LB: Well, it worked pretty well because I didn’t realize that people are willing to bend backwards and oh, yeah, sure okay. Let’s find a better time. Would this work? So people are willing to communicate and reach an agreement. So it’s just we’re putting unnecessary pressure on ourselves by forcing ourselves to say yes. But what our body, what our mind was telling us is that you know it’s going to deprive you of four hours of sleep going to this, in and out the city, and having a two-hour meeting whatever. So it’s also –in my house, my sister and me –we’re –I’m not going to speak for her but with me, I will say yes all the time. My sister has also told me because she knows I’m going through my ( ) first and she said, you know, if you don’t feel like going to the grocery, it’s okay, I can go. Or if you want to go with me, we can push it back for tomorrow or whatever. And so I appreciate that because here I have somebody that really reminds me –about mindfulness because I can see in your face that there’s a struggle, that you’re not jumping off your chair to go run an errand, right. So yeah, that’s been my experience and I’m very grateful because also in acknowledging. It’s very humbling. Being mindful is a very humbling experience for me because now I can apologize without judging that –okay, you’re less of a person because you know, you stepped forward and apologized. But it’s –to me, it’s making me feel a lot more human, just okay, mindfulness is not a quick-fixed solutions. We all want to be the best version of ourselves, but I feel like it’s a daily practice. It’s like all your dealings when you’re practicing mindfulness, every word, every –you’re not judging the other person, you’re preparing how to respond. So it’s a lot of internal work, which you’re so not used to because —

WG: Yeah.

LB: React, react, right? So it’s not the response that would be natural to me. It doesn’t come naturally to me, being mindful. And so I always go back to my journal, to mindfulness journal and you learn about this when you enrol in the course. So it’s a lot of work but it’s really a lot of self-discovery. So okay, that’s my experience. And another question I have for Windy is, you know, why online? In a mad rush, people are always in front of their phones, on their computers. What is –are they expecting something different when attending a course like, you know, go to a yoga session or whatever? How different is this from an actual meditation practice? Is it any different? Is it a mix? Is it technical?

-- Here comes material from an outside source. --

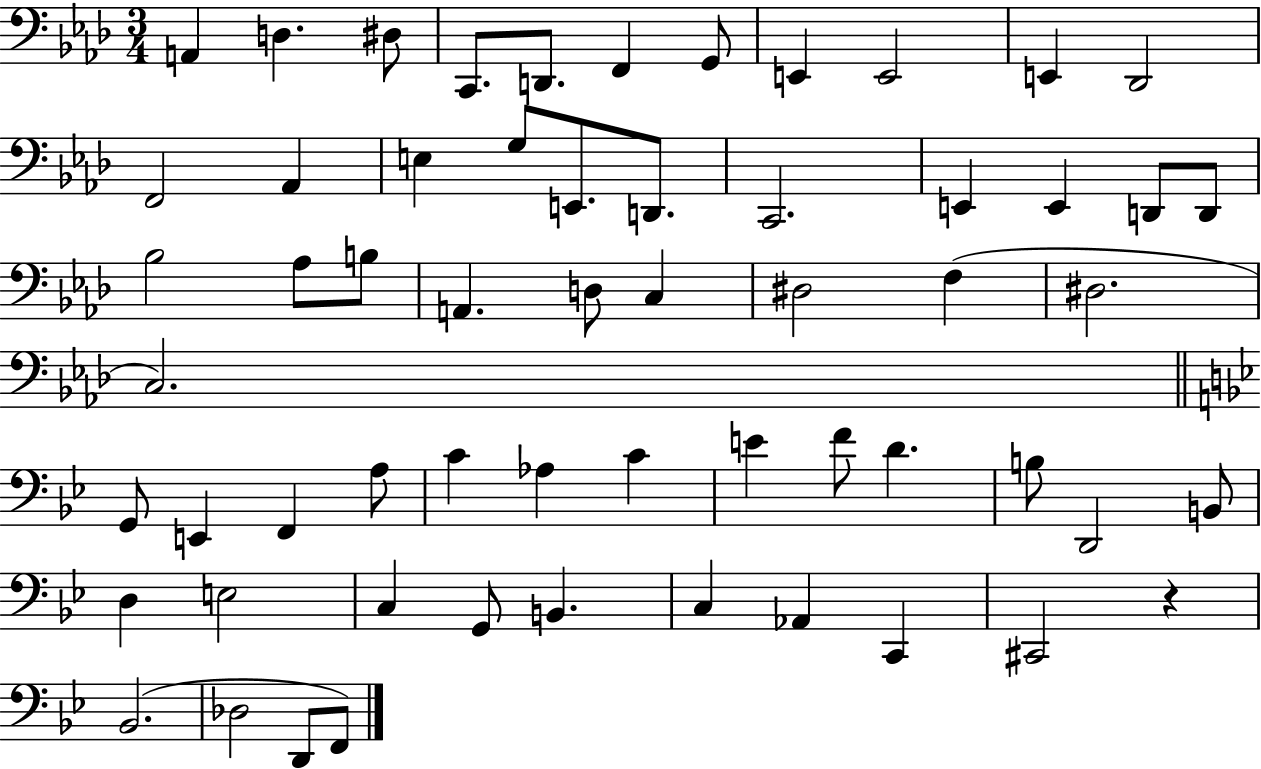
A2/q D3/q. D#3/e C2/e. D2/e. F2/q G2/e E2/q E2/h E2/q Db2/h F2/h Ab2/q E3/q G3/e E2/e. D2/e. C2/h. E2/q E2/q D2/e D2/e Bb3/h Ab3/e B3/e A2/q. D3/e C3/q D#3/h F3/q D#3/h. C3/h. G2/e E2/q F2/q A3/e C4/q Ab3/q C4/q E4/q F4/e D4/q. B3/e D2/h B2/e D3/q E3/h C3/q G2/e B2/q. C3/q Ab2/q C2/q C#2/h R/q Bb2/h. Db3/h D2/e F2/e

WG: Okay, so meditation plays a really important role in mindfulness. And this course –I actually asked myself the same questions because there are a lot of available courses online and this one is really –it’s just my own personal experience with a different challenges and tools I used to deal with them. So it’s kind of like a synthesis of all these different mindfulnesses. I mean it’s very personal. That’s why I really try to offer different tools and then what you do is you take what works with you and, for example, the journaling seems to have worked for you. So not everyone is going to resonate. Maybe someone will try something and be the one to have deeper meditation practices. I offer increasing in time, so we start with 3, then 5, then eventually end up with I think 10. So if that’s what you’re drawn to, you’re going to maybe focus on that. Or if I also have a few videos with little bits of yoga and that might be also where you’d be geared towards. And so I try to make it accessible, not intimidating. It’s really –you don’t need experience whatsoever to discover this. Like you said, it’s about self-discovery and everyone can take that step when they’re ready. But yes, meditation is a big part because that’s –it’s like when you’re able to put your mind –it’s like a gift to your mind or it’s like giving a massage to your body.

LB: That’s exactly how it felt like.

WG: Yeah, and from that meditation practice, we’re able to kind of spread that meditative energy to the rest of our day. So as we deepen our meditation, the rest of our day also is imbued with it to extend to. So we have different practices to support our daily mindfulness. Is that answering your question?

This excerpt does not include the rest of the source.